Your task is to repeat exactly the lines below between the line holding "Client in an" and the line holding "Vintage coffee table", inclusive, and only those.

Material supplied:

::::::::

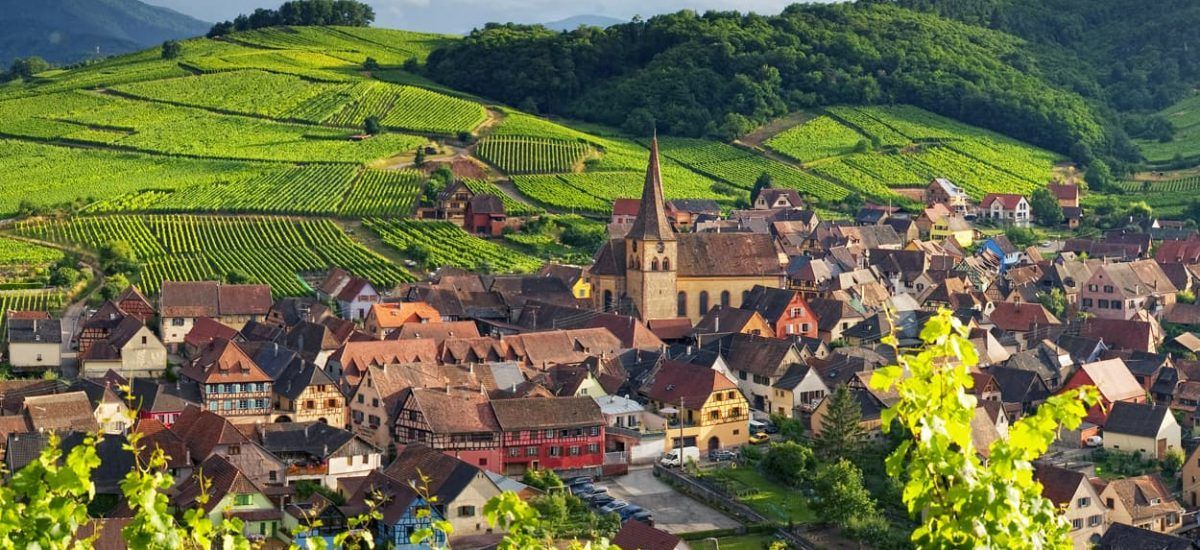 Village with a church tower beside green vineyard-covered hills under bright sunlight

::::::::

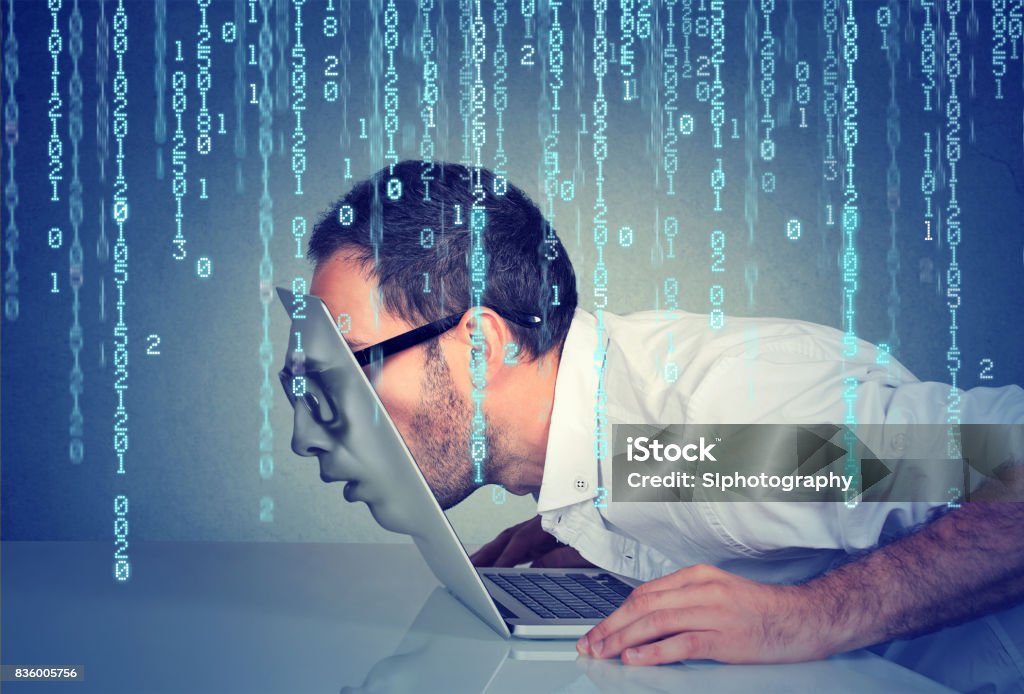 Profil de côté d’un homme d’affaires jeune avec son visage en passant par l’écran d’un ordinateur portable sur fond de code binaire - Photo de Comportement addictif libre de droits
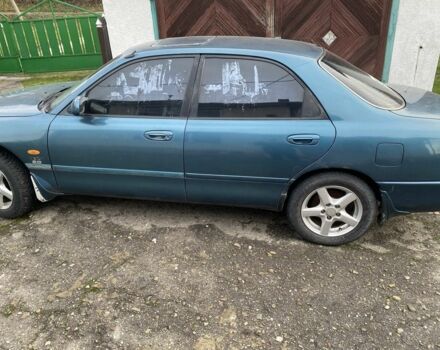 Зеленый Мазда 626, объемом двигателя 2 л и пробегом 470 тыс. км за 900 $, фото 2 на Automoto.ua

::::::::

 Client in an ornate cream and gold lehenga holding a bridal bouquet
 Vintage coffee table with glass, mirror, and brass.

::::::::

Task result:
 Client in an ornate cream and gold lehenga holding a bridal bouquet
 Vintage coffee table with glass, mirror, and brass.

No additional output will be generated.